Außerdem stellte er Togo und Kamerun „unter deutschen Schutz“. Diese koloniale Formulierung ist nicht nur beschönigend, sondern verschleiert auch, dass Nachtigal die Kolonialgründung in Togo durch eine Geiselnahme zweier togoischer Adeliger erpresste. „Seine kolonialen Verdienste waren es, die Nachtigal die Würdigung durch die Benennung des Nachtigal-Platzes im Wedding einbrachte – und nicht seine Tätigkeit als Afrikaforscher“, sagt der Historiker und Leiter von Berlin postkolonial, Christian Kopp.
Eine Straße für den "Lügenfritz"
Noch eindeutiger verhält es sich mit der Biographie des Bremer Kaufmanns und Begründers von Deutsch-Südwestafrika Adolf Lüderitz. Der wegen seines Größenwahns schon zu Lebzeiten als „Lügenfritz“ bezeichnete Lüderitz gilt als Begründer des deutschen Kolonialwesens. Von ihm ging eine Flut an Briefen an den Kaiser und Bismarck aus, in denen er ihnen die Notwendigkeit des Kolonialismus zur Sicherung deutscher Macht darlegte. 1890 verkaufte Lüderitz Deutsch-Südwestafrika an das Deutsche Kaiserreich. Die Kolonisierung des heutigen Namibias ist ein besonders dunkles Kapitel deutscher Geschichte, weil sie in einen von der deutschen Kolonialmacht verübten Völkermord mündete, der bis heute von Deutschland nicht anerkannt wird.
Was in Deutschland offiziell als „Aufstand der Herero und Nama“ bezeichnet wird, gilt in der Geschichtswissenschaft wie in Namibia als erster Genozid im 20. Jahrhundert. Wie viele Herero in dem in der Landessprache als Maji-Maji-Krieg bezeichneten Feldzug gegen die namibische Bevölkerung getötet wurden, ist – auch wegen der noch immer großen Lücken in der Erforschung der deutschen Kolonialgeschichte – nicht ganz klar.
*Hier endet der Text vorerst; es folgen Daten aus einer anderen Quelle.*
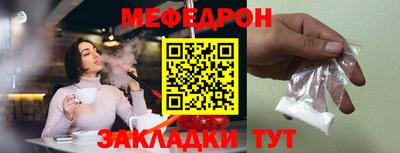 кокаин перу Первоуральск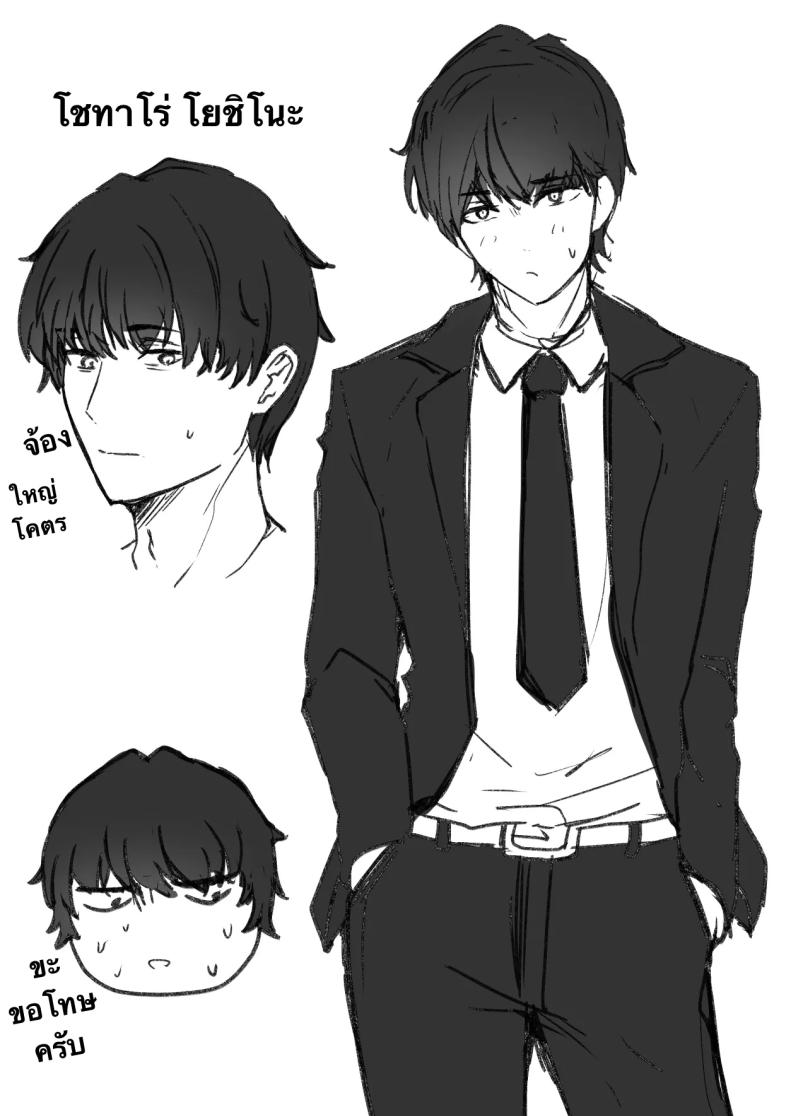 กลับใจคนใจร้าย [Onitsuka Chris] Kachiki na Hahaoya o Ore ga Mesu ni Shimasu – กลับใจคนใจร้าย [Onitsuka Chris] Kachiki na Hahaoya o Ore ga Mesu ni Shimasu หน้า 74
Mindestens 100.000 aufständische Herero fielen der brutalen Kriegsführung des Generalleutnants Lothar von Trotha jedoch zum Opfer. Dessen erklärtes Ziel, den „entbrannten Rassenkampf durch die Vernichtung einer Partei abzuschließen“, wie es in einer Egoquelle heißt, wurde von Wilhelm II. unterstützt.
Als dieser Krieg im Jahr 1904 begann, war Lüderitz, der 1886 im südwestafrikanischen Oranje-Fluss ertrank, zwar längst tot. Ohne seine Landnahme wäre es jedoch auch nicht zu dem Genozid gekommen, sagt Kopp. „Man denkt den Völkermord mit, wenn man den Namen Lüderitz hört.“ Aus diesem Grund sei er für eine Umbenennung der Lüderitzstraße in 'Cornelius-Fredericks-Straße'.
"Renommistisches Scheusal", schreibt 1899 der "Vorwärts"
Kein Zweifel an der Grausamkeit ihres ursprünglichen Namensgebers kann an der Petersallee bestehen – und doch verhält es sich mit ihr komplizierter. „Peters ist der Typus eines renommistischen Scheusals. Seine Schändlichkeiten sind freilich schlimm genug, aber noch nicht so schlimm, wie er sie selbst reklamehaft übertreibt. Er will vor allem der interessante Ueberkerl sein, der frei von jeglichem moralischem Skrupel nur seine große Persönlichkeit auslebt“, schrieb der sozialdemokratische Vorwärts im Februar 1899 über Peters.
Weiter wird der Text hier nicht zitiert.